6) …as are the contradictions
Tough, but here are my picks of the night:
i. The junior doctor saying the NHS was at breaking point (people phoning me up, ‘bleeding’ because they ‘can’t get beds’), minutes after: ‘Not to worry’, my colleague who was originally going to speak this evening has broken her ankle, but she’s ‘getting excellent care on the NHS!’
ii. Having stressed the need to ‘recognise democracy’, the area representative concluding: ‘Support Jeremy, or clear off!’
iii. McDonnell: ‘Government dominated by one person and a small group is unaccountable’… (See section 7.)
iv. ‘There was ‘no other way but to sack him’ — McDonnell referring to some ex-minister, before claiming: Jeremy ‘doesn’t like conflict. He’s a conflict resolver.’
v. McDonnell, again: ‘I liked Ed Miliband, to be frank.’
7) They still hate Blair much more than they hate the Tories
Predictably, Jeremy being touted as ‘the only person who can heal the wounds of TonyBlair’ gained a satisfied audience sigh. As did the TU guy’s opening anecdote about his Muslim mate, who — during the ‘crescendo of the Iraq war’ — felt uncomfortable riding the Central Line, because of ‘the way this government has made me feel’. (Yes, that’s Blair’s government, not the Conservatives’.) Then (oh so neat), McDonnell describing the former Prime Minister’s actions in Northern Ireland as ‘heroic’. Continuing, of course, with ‘then Iraq happened’. Bare ‘Iraq’ — the shorthand self-centre of a gap-yearing teenager ‘doing Chile’. Or Venezuela, perhaps. It’s not simply preaching to the converted‚ it’s skillful preaching to those who think they might be, too.
8) They don’t care about Owen Smith, either
A rare name-check came when the area representative criticised him for supporting Prevent, which she explained as ‘state-sponsored Islamophobia and racism’.
9) They’re making history, don’t you know?
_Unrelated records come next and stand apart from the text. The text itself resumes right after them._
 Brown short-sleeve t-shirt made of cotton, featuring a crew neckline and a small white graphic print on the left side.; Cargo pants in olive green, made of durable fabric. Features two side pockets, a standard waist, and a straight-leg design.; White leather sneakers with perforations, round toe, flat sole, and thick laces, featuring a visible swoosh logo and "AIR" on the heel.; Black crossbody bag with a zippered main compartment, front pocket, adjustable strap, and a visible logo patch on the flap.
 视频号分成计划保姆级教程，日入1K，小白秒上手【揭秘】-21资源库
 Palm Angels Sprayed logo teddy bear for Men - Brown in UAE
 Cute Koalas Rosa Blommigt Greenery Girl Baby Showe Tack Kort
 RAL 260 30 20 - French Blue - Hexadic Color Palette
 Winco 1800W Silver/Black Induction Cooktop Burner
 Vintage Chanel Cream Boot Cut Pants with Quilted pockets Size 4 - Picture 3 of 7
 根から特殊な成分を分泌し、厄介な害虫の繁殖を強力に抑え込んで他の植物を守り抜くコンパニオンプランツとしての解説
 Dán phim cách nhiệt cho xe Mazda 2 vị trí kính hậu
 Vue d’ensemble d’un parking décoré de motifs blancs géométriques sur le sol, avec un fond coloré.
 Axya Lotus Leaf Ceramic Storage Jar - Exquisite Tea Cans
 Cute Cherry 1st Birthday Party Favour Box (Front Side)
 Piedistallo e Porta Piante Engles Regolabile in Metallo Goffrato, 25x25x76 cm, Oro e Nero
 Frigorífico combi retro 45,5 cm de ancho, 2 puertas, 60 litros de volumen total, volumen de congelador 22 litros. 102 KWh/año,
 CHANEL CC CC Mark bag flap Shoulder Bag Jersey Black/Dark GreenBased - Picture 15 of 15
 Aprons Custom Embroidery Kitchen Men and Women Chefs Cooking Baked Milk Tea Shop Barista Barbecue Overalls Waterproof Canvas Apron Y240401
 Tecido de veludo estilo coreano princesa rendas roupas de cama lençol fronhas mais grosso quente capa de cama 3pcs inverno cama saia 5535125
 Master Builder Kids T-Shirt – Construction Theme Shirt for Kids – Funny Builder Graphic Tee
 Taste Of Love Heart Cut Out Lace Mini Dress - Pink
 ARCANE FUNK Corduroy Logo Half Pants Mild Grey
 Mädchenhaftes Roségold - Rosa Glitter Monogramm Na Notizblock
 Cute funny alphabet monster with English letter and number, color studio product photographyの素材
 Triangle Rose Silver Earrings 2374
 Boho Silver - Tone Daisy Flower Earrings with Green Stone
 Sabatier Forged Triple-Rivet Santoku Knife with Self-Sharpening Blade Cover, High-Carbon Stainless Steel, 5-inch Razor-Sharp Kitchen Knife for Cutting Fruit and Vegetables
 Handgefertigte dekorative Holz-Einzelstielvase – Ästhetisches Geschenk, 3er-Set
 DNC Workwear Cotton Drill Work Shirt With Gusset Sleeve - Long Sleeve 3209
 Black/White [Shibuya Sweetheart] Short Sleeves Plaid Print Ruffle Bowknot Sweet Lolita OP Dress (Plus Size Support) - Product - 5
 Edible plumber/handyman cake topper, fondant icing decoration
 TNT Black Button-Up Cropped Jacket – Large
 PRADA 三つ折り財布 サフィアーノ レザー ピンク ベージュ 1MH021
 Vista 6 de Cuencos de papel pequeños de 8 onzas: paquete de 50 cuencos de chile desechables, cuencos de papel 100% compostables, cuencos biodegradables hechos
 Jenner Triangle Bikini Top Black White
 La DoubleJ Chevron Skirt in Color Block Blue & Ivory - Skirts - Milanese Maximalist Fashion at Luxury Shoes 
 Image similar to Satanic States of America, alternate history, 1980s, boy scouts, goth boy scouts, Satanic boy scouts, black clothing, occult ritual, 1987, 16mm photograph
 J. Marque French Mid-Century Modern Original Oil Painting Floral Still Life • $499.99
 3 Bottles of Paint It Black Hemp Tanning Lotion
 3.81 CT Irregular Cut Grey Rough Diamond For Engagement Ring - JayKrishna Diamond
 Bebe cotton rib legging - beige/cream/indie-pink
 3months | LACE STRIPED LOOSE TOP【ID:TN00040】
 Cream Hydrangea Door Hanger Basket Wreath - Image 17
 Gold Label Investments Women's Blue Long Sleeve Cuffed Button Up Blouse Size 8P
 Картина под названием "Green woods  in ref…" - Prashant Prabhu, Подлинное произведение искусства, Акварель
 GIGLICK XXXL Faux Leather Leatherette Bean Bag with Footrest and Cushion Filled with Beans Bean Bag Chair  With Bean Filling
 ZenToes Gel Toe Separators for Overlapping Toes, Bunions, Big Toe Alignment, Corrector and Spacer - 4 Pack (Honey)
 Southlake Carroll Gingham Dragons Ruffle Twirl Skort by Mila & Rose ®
And so we return to McDonnell’s warrior tales — his party bonfire entertainments. ‘Attlee and Bevan are remembered for the NHS. Corbyn and Rayner [he clarified who] will be remembered for the National Education Service: free education from the cradle to the grave.’ And the plots. The ‘very British coup’, which didn’t, amazingly, begin after the referendum. No. There was Oldham. And the mayors. And others, it turns out. Followed by the take-home line that, when The Establishment attacks him, ‘We are all JeremyCorbyn’. Nous sommes, indeed.
10) Anything more?
So much has been written about Momentum — since Mark Wallace’s original-and-unbeaten entryism exposé, here, last December — what’s left to say? Now, they don’t even have to hammer Umunna: none of that lot’s names were mentioned explicitly. We know where they stand. And McDonnell remains McDonnell — calculated style and little else, as long as you don’t go too deep. Maybe it’d have been different if JeremyCorbyn had been there. Maybe it wouldn’t. Dismissive acceptance is somehow complicit, but, hey, it’s just momentum — and it’s building up nicely.